- **Work to be completed**
Your answer must be the exact lines below, starting with the line with "export public files" and going on through the line with "The defining feature", both included, with no pictures.

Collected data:
BEGIN

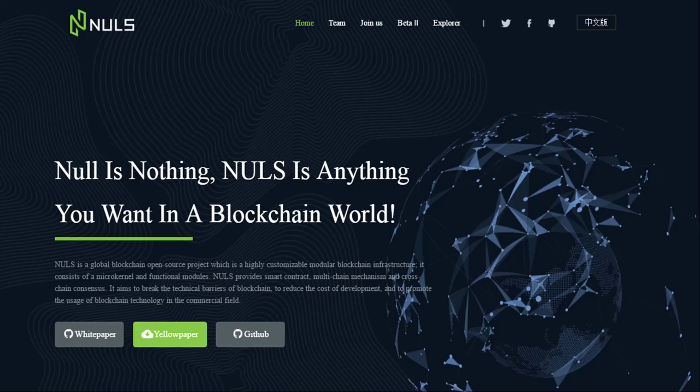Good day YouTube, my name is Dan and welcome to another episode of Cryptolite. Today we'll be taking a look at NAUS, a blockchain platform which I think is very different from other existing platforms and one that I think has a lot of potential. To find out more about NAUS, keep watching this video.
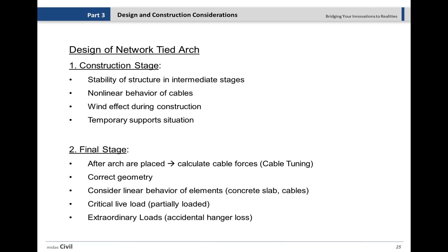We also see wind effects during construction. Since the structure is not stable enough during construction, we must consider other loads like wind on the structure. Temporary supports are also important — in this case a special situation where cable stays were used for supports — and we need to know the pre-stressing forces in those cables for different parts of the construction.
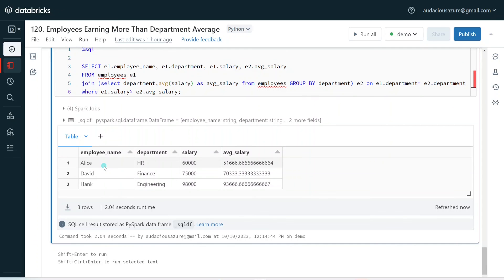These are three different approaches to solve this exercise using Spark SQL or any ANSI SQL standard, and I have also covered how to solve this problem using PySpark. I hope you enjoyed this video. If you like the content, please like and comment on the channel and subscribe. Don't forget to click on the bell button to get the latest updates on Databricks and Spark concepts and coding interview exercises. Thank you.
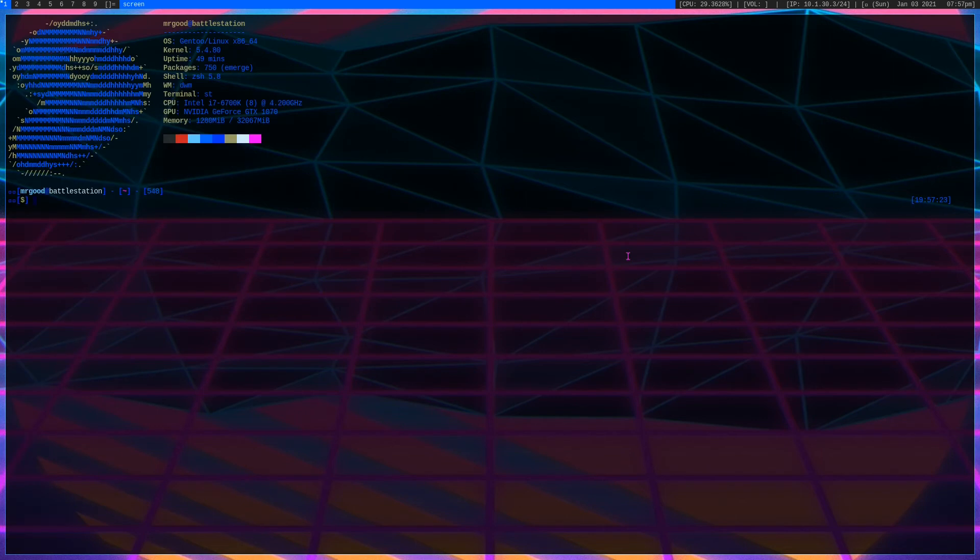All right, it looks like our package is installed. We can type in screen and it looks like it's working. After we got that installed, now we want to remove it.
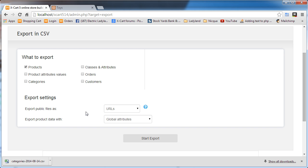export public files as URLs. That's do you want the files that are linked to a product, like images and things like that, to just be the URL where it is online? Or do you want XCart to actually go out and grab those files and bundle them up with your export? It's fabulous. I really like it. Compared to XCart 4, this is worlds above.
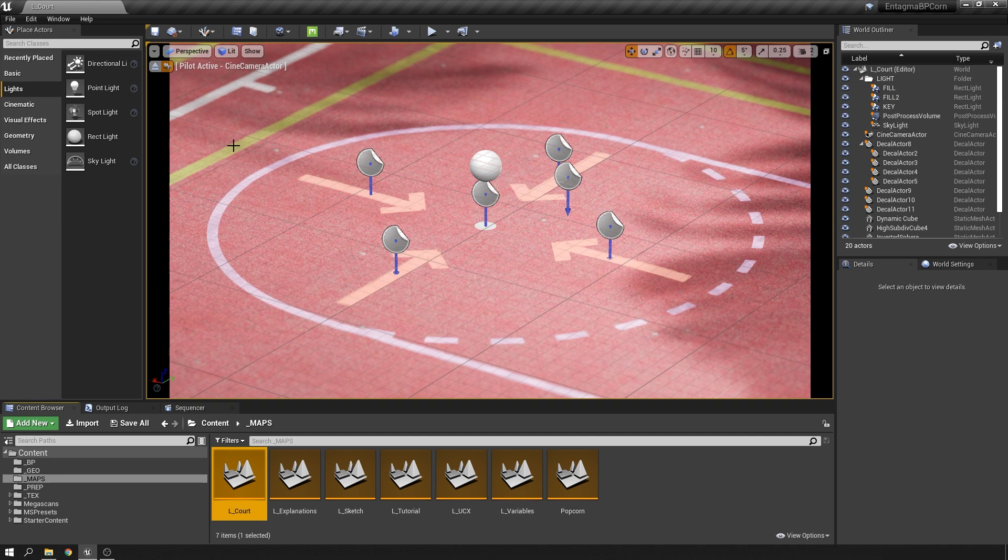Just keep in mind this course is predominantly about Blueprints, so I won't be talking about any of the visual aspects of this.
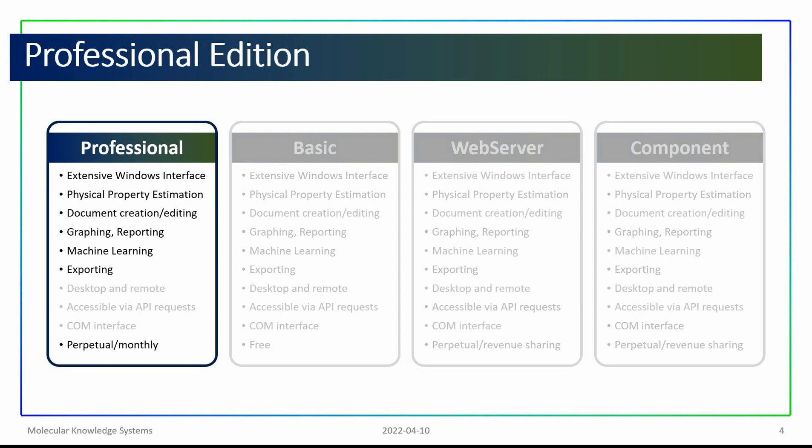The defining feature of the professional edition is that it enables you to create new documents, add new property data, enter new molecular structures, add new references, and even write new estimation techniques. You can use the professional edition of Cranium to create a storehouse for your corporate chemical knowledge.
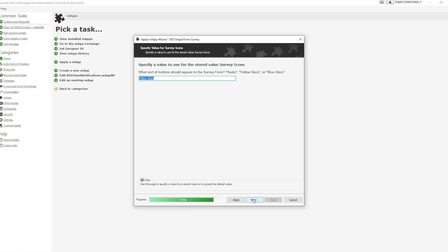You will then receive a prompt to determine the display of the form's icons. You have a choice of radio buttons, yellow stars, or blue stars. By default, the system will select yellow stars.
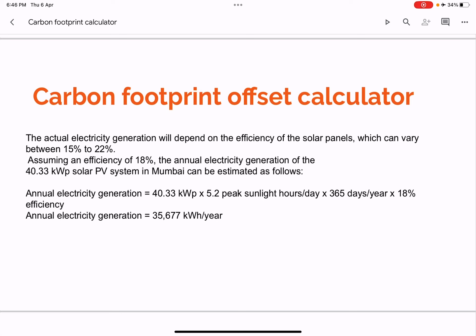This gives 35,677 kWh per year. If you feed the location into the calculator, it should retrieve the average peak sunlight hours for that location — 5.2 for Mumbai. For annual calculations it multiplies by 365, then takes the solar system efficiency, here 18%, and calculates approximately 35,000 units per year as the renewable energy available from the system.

END

- **Answer box**
export public files as URLs. That's do you want the files that are linked to a product, like images and things like that, to just be the URL where it is online? Or do you want XCart to actually go out and grab those files and bundle them up with your export? It's fabulous. I really like it. Compared to XCart 4, this is worlds above.
Just keep in mind this course is predominantly about Blueprints, so I won't be talking about any of the visual aspects of this.
The defining feature of the professional edition is that it enables you to create new documents, add new property data, enter new molecular structures, add new references, and even write new estimation techniques. You can use the professional edition of Cranium to create a storehouse for your corporate chemical knowledge.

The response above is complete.